Why should any of this make such a special problem for Woodson and Loury that they feel compelled to step forward in denunciation? Because D'Souza uses these notions to support his opposition to affirmative action programs, his belief that racism is greatly exaggerated as the explanation of the black plight and his contention that blacks must learn to look inward for the solution to the worst of their problems -- all views that Woodson and Loury have been urging for years.

"Some of us for a decade or more have been trying to get a reasoned discussion in our own community concerning the dysfunctional behavior -- the fratricide -- that is threatening to destroy us," Woodson said in a joint interview with Loury. "We've been making a case that continuing to look to external solutions to internal problems prevents us from addressing what Glenn has called the enemy within.' These are delicate arguments to make, given the racial hostility still within our society.
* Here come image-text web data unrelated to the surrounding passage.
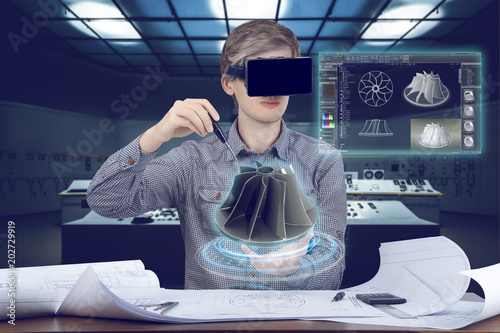 Futuristic cad engineer’s workplace. Male / man wearing shirt and vr glasses touches with screwdriver 3d model of turbine and looking at virtual screen analyzing data for mechanic industry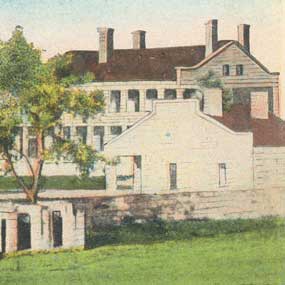 detail from a vintage postcard of officers quarters in distance and guard house on right with stone fort wall
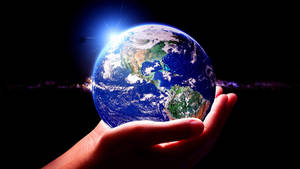 World Globe In Hands Wallpaper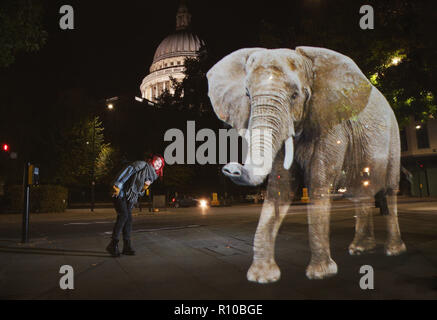 WWF Hologram - Elephant crosses the road in London  It's time to address the elephant in the road. WWF uses hologram and imaginative animal crossings to show Londoners how they can prevent illegal wildlife trafficking.  Featuring: Atmosphere Where: London, United Kingdom When: 08 Oct 2018 Credit: Joe Pepler/PinPep/WENN.com Stock Photo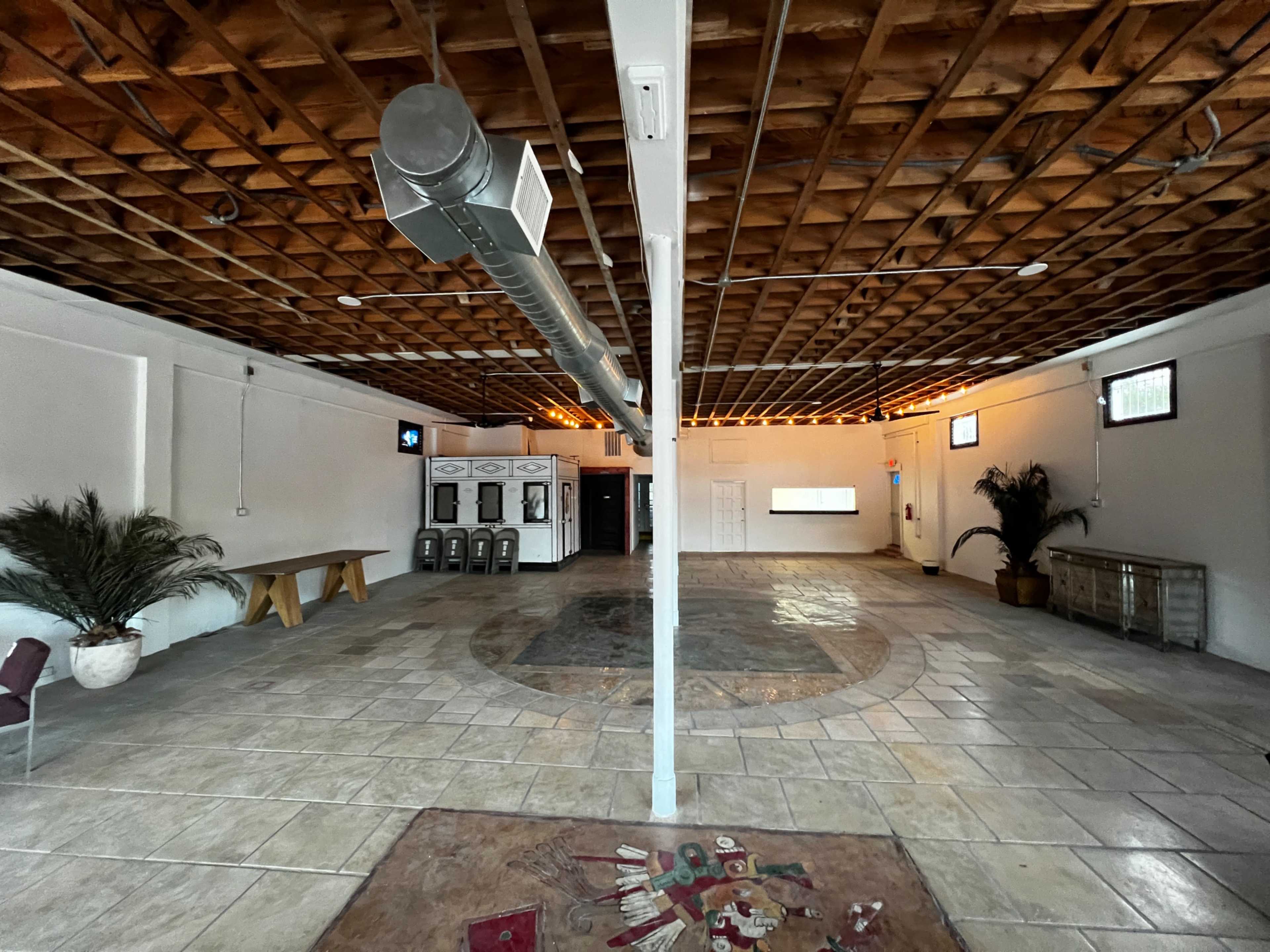 A spacious room with a tiled floor, exposed wooden beams, and a central circular design, featuring a few decorative plants and minimal furnishings.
For D'Souza to take these same points and turn them into an anti-black pejorative threatens to make us look like racial hustlers who don't want to see change."

Loury agrees. "I don't disagree with everything D'Souza has to say," he points out, "but the intemperate, irreverent, insulting way in which his book is written so offends me. . . . And Bob is right. There's no need for us to have a press conference on this man's book except as self-defense. We have stuck our necks out saying what we believe it is important for black people to hear, and we have paid a price. We've been called Uncle Toms,' which we are not. But to be silent in the face of this book, written by a conservative colleague, would make us Uncle Toms."

It's hard, in a few quotes, to convey the flavor of this iconoclastic work that Woodson finds so "derogatory" and "dismissive." Like the Murray/Herrnstein "Bell Curve," it ventures across lines previously respected by respectable scholars in the interest of civility and mutual respect. Like Murray and Herrnstein, D'Souza takes an obvious delight in challenging the taboos. And like theirs, his book makes a much-needed conversation about race infinitely more difficult.

"Look," says Loury, "a guy can write a book about the Israel Lobby and be critical; he can talk about certain Jews being self-serving or close-minded or whatever, and that's considered within the limits of acceptable free speech. But he won't write about personality types developed in the Russian shtetl and how these types manifest themselves in Wall Street or some such. There are limits to what constitutes civil discourse." Yet here is D'Souza:

"Slaves developed widely different personalities on the plantation: the playful Sambo, the sullen field nigger,' the dependable Mammy, the sly and inscrutable trickster. Some of these personality types are still recognizable."

"There's something cartoon-like and commercially opportunistic and inauthentic about his approach," says Loury, "and to what end?"

To what end indeed. That was the great unanswered question with the Murray book, and it is the question that screams for an answer from D'Souza. Surely he does not believe that this book will lead black people to turn self-critical and introspective or prompt blacks and whites to serious discussion of America's racial conundrum. It strikes me as a book only racists could cheer.

Except, as D'Souza strives mightily to convince us, there aren't any.